= Mona Yahia =

Iraqi artist and writer

Mona Yahia (born 1954 in Baghdad, Iraq) is a writer and an artist; she publishes novels, stories, short stories and participates in art exhibitions and events.

== Life and career ==
Mona Yahia was born and raised in Baghdad, fled with her family to Iran in 1970, and from there immigrated to Israel. She did her military service between 1972 and 1974 and then studied psychology and French at the University of Tel Aviv. After a one-year stay in Paris, she went on to study clinical psychology in Tel Aviv and worked as a psychologist. In 1985 she moved to Germany to study fine arts at the Academy of Arts in Kassel with Harry Kramer. During these years she used photographs and everyday objects (soap, postcards, beer mats, cinnamon stars) to comment the culture of remembrance of the German society with regard to the Shoah.

In 2000, Mona Yahia published her first novel in London.When the Grey Beetles Took over Baghdad portrays Jewish life in Baghdad in the 1960s and the plight of the Jewish community after the Six Day War from the point of view of a teenager and in 2003 the Price of the Jury der Jungen Leser in Vienna/Austria. The novel saw translations into German (2002), French (2006), and Hebrew (2023).

Mona Yahia lives and works in Cologne, Germany - and writes in English.

== Selected works ==
- Domino Effect. In: London Magazine, vol. 33 no. 1&2, London 1993.

- METRO–BOULOT–DODO. In: Heiner Schepers (Hrsg.): Eine Stunde für Harry Kramer. Buxus Verlag, Lingen 1997, ISBN 3-933038-00-6.

- When the Grey Beetles Took over Baghdad. Peter Halban Publishers, London 2000, ISBN 1-870015-74-6; paperback 1-870015-85-1; American edition: George Braziller New York, 2007 ISBN 978-0807615829.

- A Borrowed Tongue (Essay). In: Fikrun wa Fann/Art and Thought Nr. 91, Goethe Institute, Munich 2009.

- Der Tag, an dem Sadat nach Jerusalem flog In: Kerstin Schimmel (Ed.): Auch dein Herz ..., Mitteldeutscher Verlag Halle (Saale) 2011, ISBN 978-3898128179.

- Love Traps. Kindle Edition, 2013 (ASIN: B00E8ODI1W).

- The Historical Khans of Istanbul: A Photographic Documentary Project (bilingual: English & German), 2015, ISBN 978-3-00-051806-5.

- SNAPSHOTS: Istanbul Behind Closed Doors (trilingual: German / Turkish / English), 2019, ISBN 978-3-943562-675.

- MATCHES (short story).
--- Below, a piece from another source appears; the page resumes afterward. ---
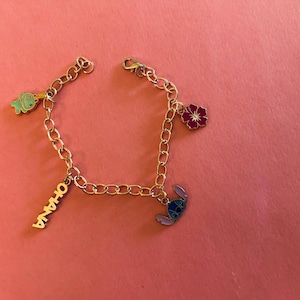 May include: A silver-colored charm bracelet with various enamel charms. Charms include a green dinosaur, a red flower, a blue alien, and a charm that says "OHANA". The bracelet is on a pink background.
In: Banipal no.72, 2021, ISBN 978-1913043285.

- WHO BY WATER. Contribution to the exhibition YALLA - Arab-Jewish Encounters in the Jewish Museum of Hohenems/Austria

- VIER TAGE. A novel. Salon LiteraturVerlag, Münich/Germany, 2025. ISBN 978-3947-404520.

- FIRST SOLDIER IN THE FAMILY: English Excerpt from the novel FOUR DAYS (published 2025 in German under the title VIER TAGE)

== Awards ==
When the Grey Beetles Took over Baghdad won the Jewish Quarterly-Wingate Literary Prize for Fiction in 2001, and in 2003 the Jury's Prize der Jungen Leser in Vienna, Austria.

Yahia spent nearly one year as writer-in-residence in Istanbul – 2013/14, in the “Atelier Galata”, a program established by the Arts Council of the city of Cologne, and again in 2017 under the same program, funded by the Kunststiftung NRW, Düsseldorf.